-- Directions for this task --
Beginning with the line that contains "Elowen Pinstripe Dress", retype the entries below exactly, ending with the line that contains "Холна маса Soleire". Leave out any pictures.

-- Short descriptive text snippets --
= Beginning of Section =

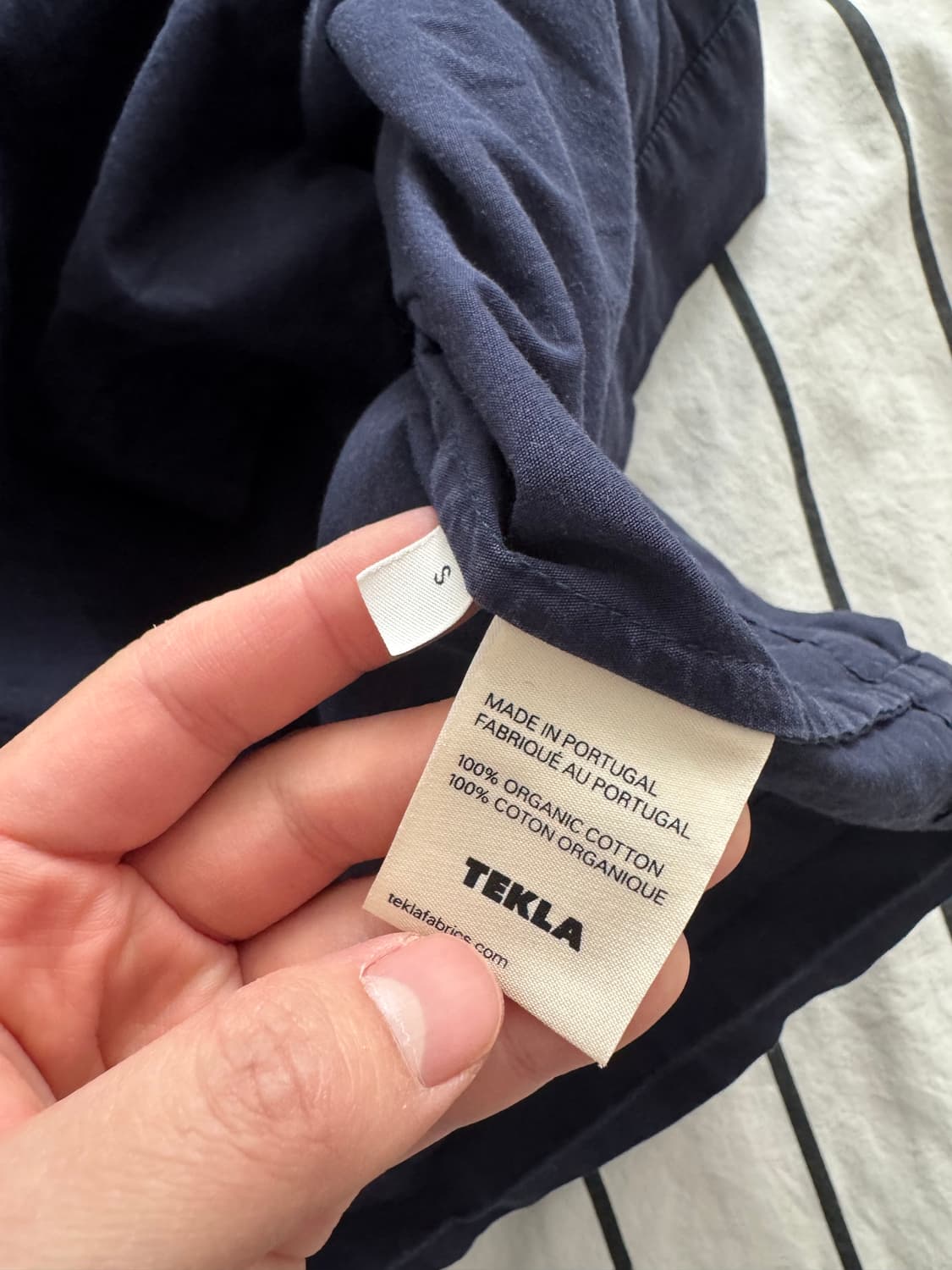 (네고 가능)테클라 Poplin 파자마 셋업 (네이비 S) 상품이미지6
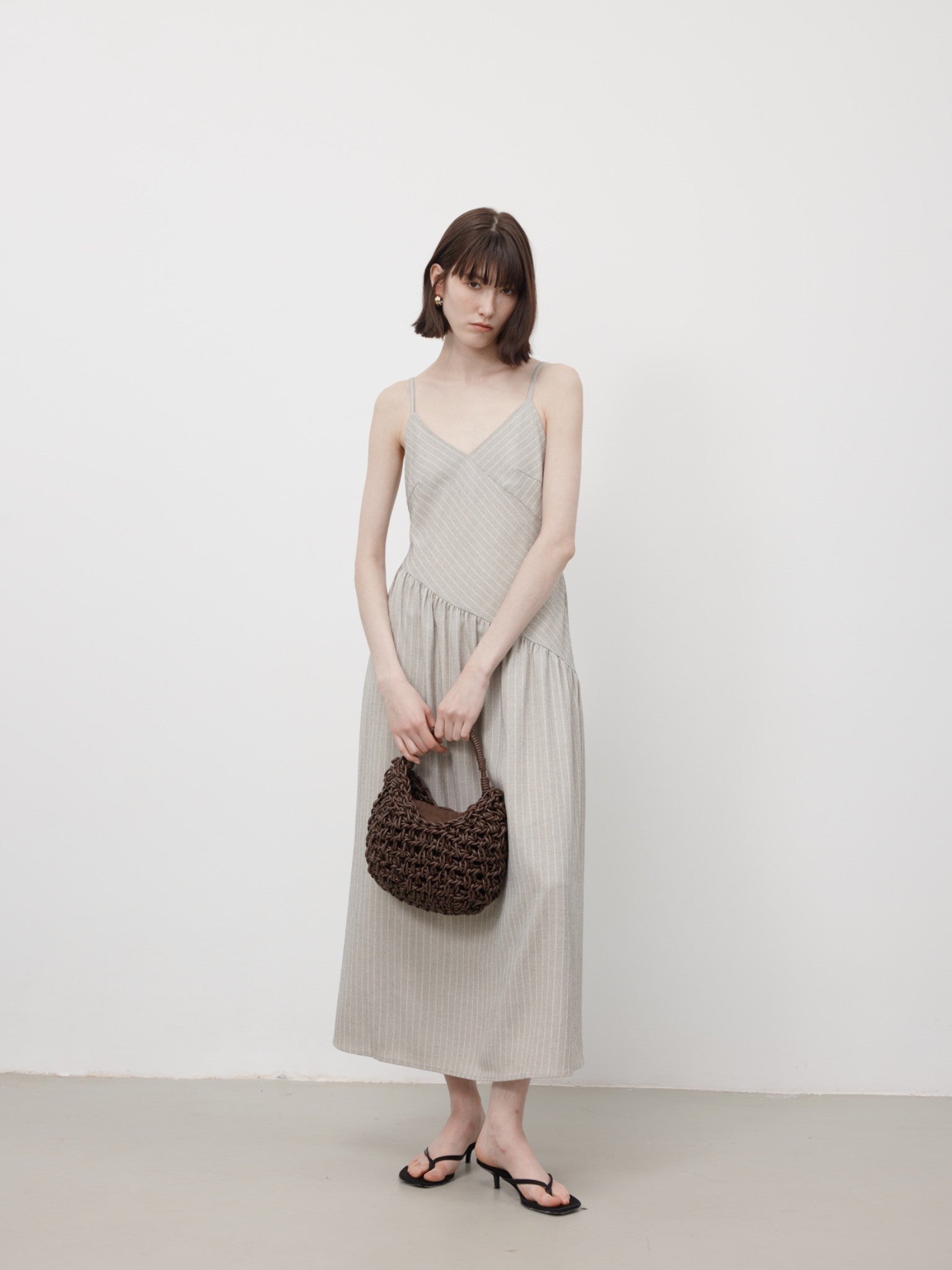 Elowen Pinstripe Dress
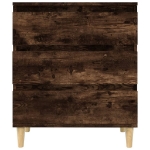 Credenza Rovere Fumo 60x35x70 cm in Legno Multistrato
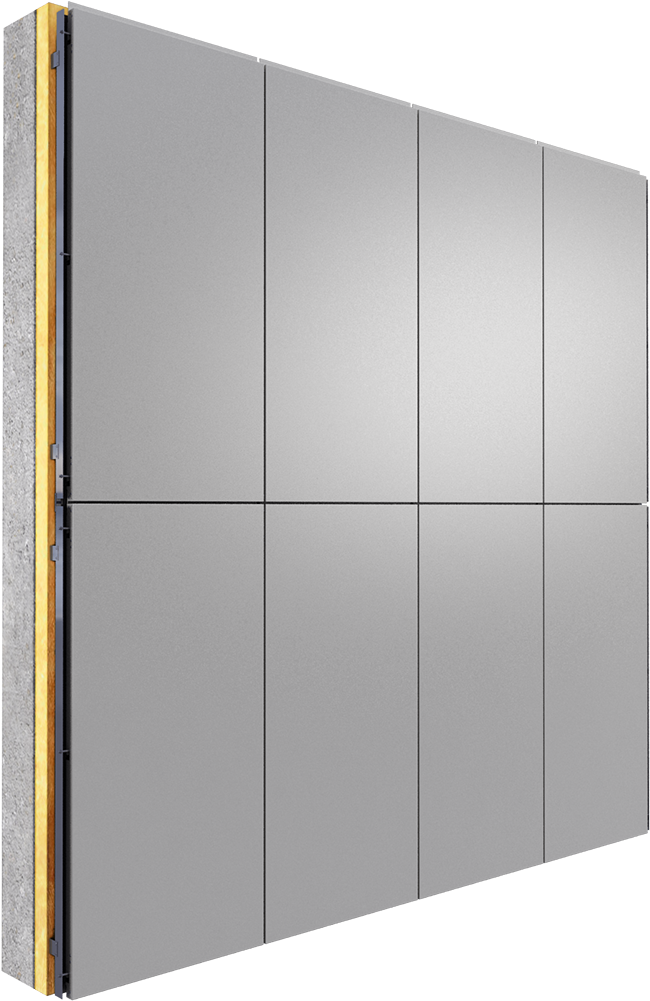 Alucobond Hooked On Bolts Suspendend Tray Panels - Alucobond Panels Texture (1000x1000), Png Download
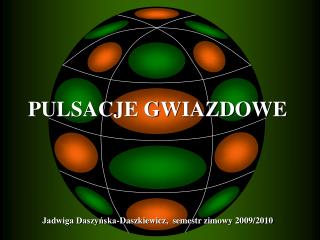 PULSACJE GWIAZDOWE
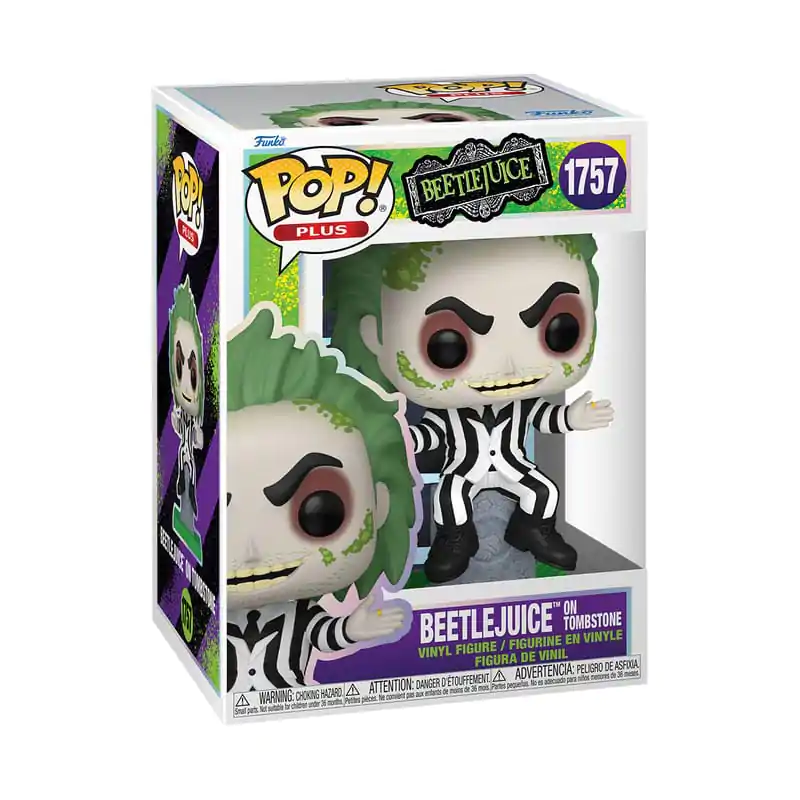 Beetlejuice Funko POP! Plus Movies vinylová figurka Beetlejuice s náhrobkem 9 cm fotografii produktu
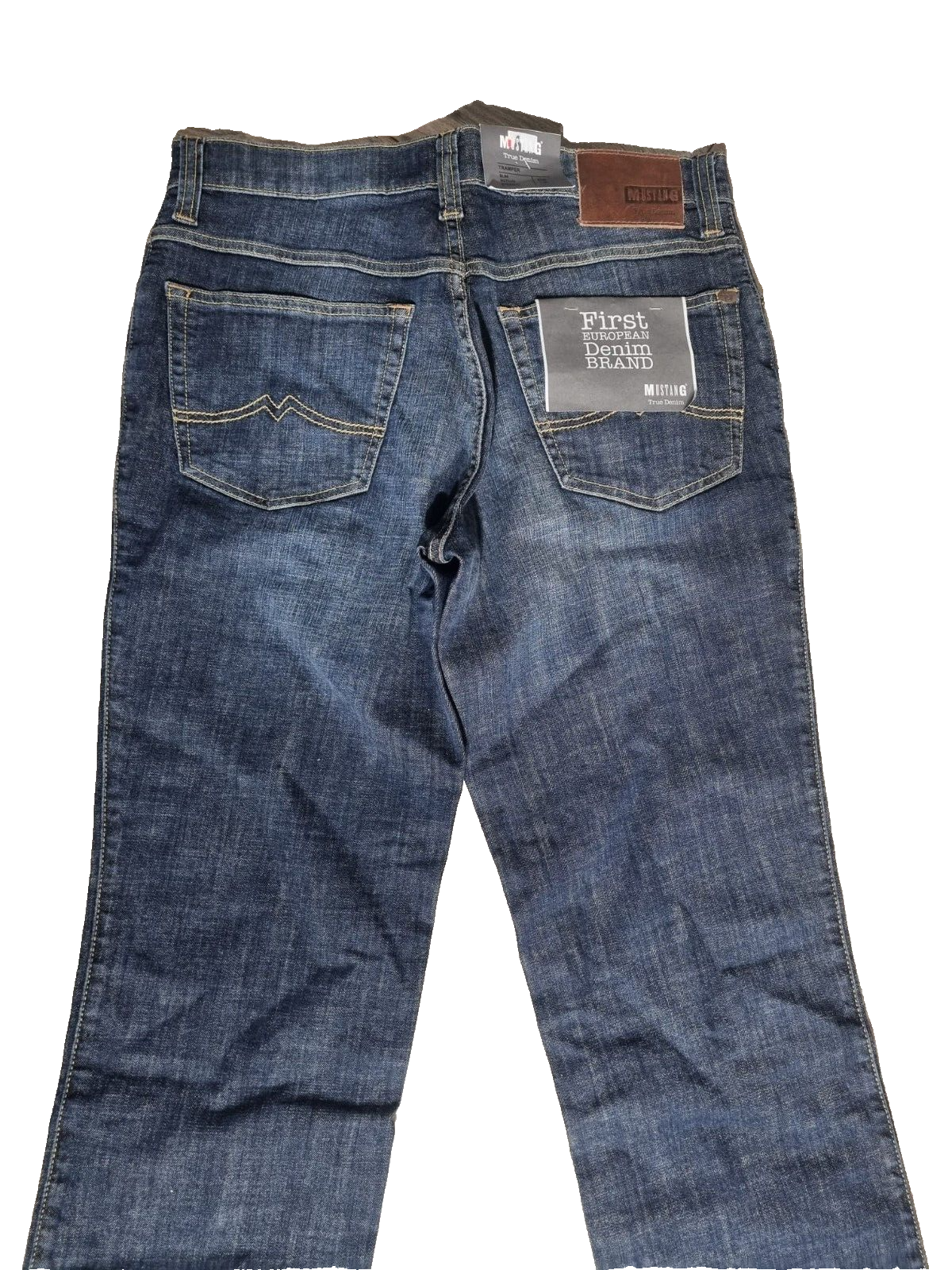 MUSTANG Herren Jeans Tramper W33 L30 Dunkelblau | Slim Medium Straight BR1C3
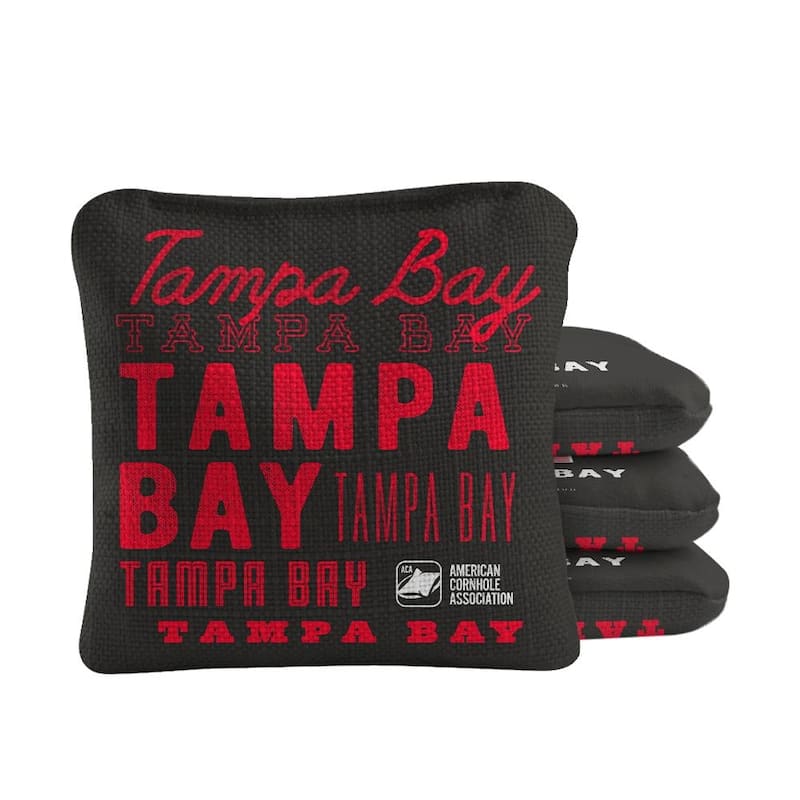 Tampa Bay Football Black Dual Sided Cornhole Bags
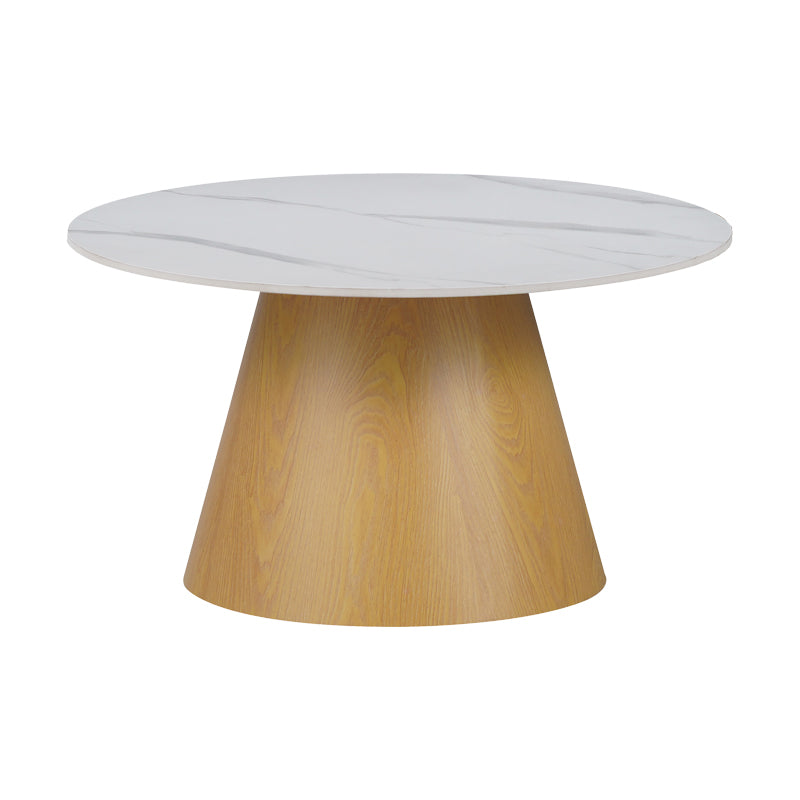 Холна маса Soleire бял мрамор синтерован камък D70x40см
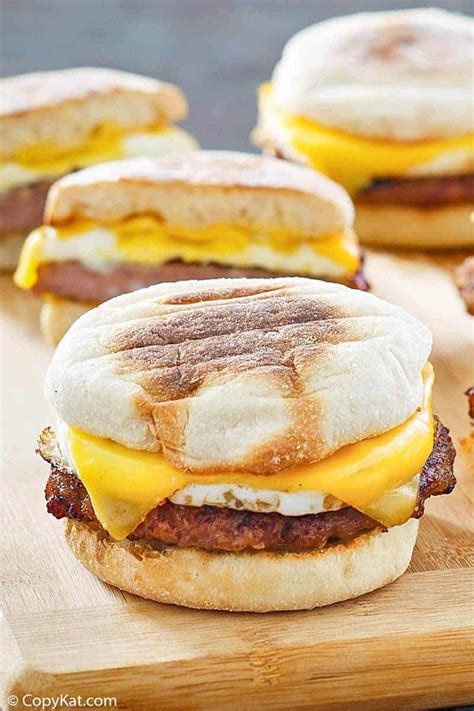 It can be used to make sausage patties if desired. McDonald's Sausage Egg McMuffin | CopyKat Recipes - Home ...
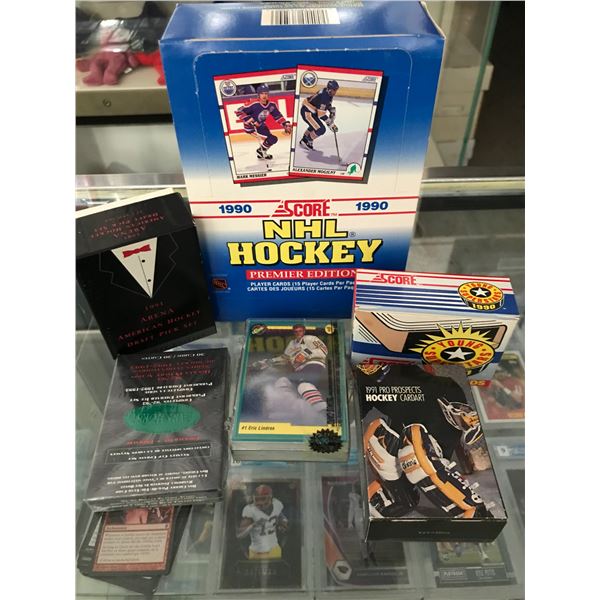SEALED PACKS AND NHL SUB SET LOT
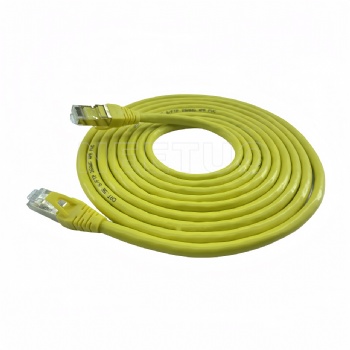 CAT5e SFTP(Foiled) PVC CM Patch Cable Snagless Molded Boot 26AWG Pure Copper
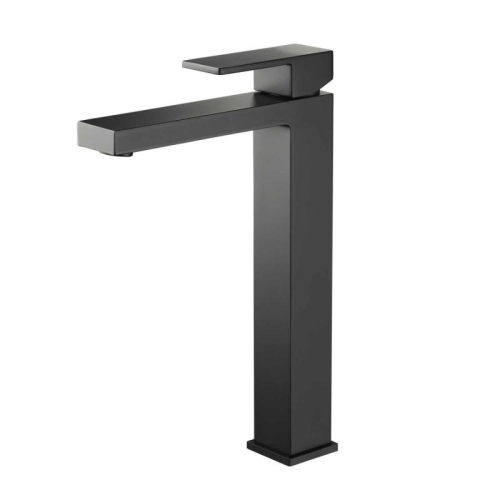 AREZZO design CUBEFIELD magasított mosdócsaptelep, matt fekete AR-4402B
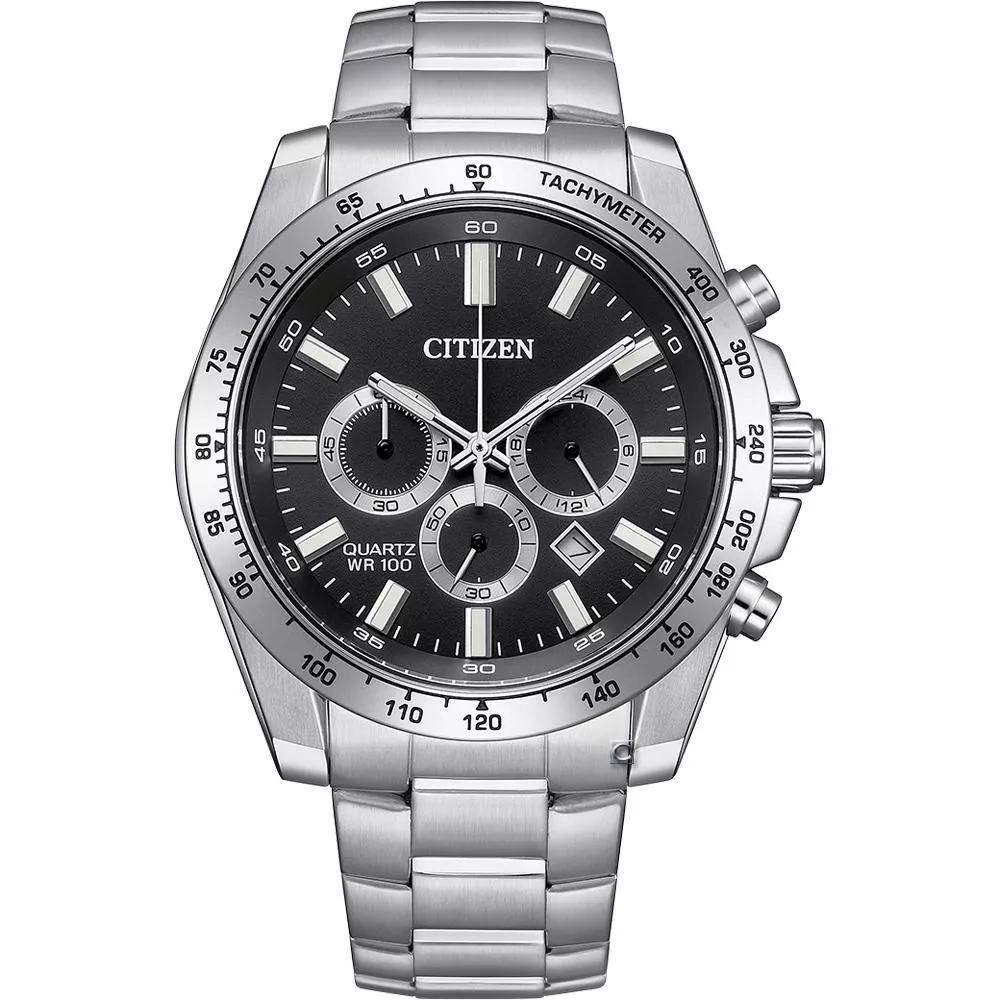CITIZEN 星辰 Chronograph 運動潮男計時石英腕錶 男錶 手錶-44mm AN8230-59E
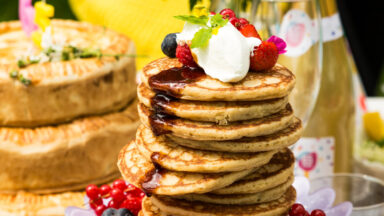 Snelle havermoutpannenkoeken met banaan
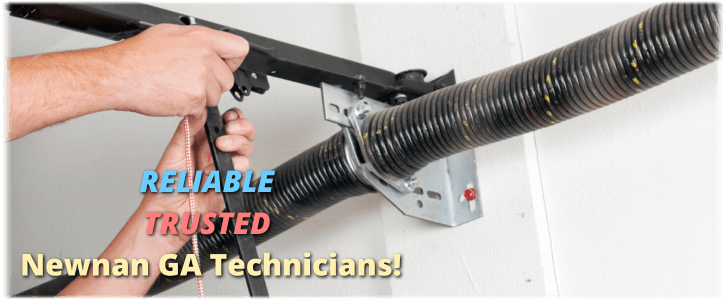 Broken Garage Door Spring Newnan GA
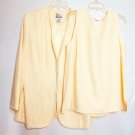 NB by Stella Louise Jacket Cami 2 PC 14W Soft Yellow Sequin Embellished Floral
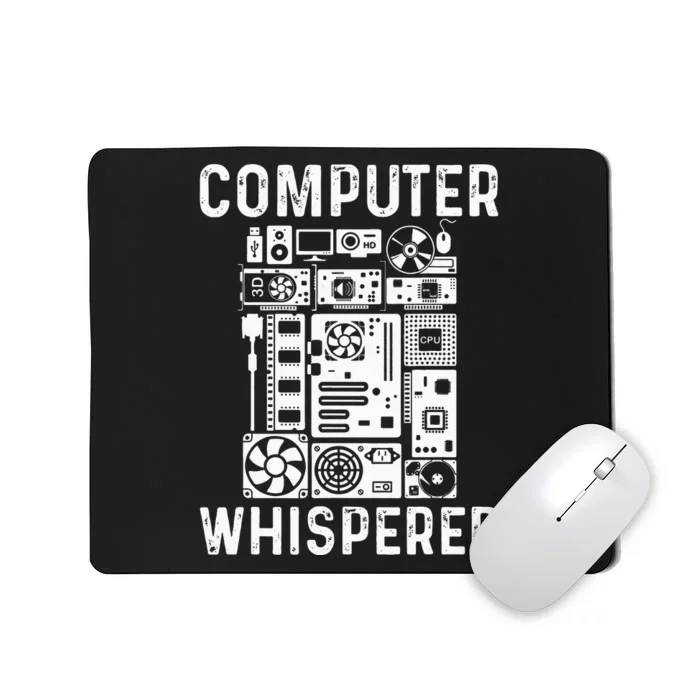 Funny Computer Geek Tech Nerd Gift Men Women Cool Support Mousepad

= End of Section =

-- Task result --
 Elowen Pinstripe Dress
 Credenza Rovere Fumo 60x35x70 cm in Legno Multistrato
 Alucobond Hooked On Bolts Suspendend Tray Panels - Alucobond Panels Texture (1000x1000), Png Download
 PULSACJE GWIAZDOWE
 Beetlejuice Funko POP! Plus Movies vinylová figurka Beetlejuice s náhrobkem 9 cm fotografii produktu
 MUSTANG Herren Jeans Tramper W33 L30 Dunkelblau | Slim Medium Straight BR1C3
 Tampa Bay Football Black Dual Sided Cornhole Bags
 Холна маса Soleire бял мрамор синтерован камък D70x40см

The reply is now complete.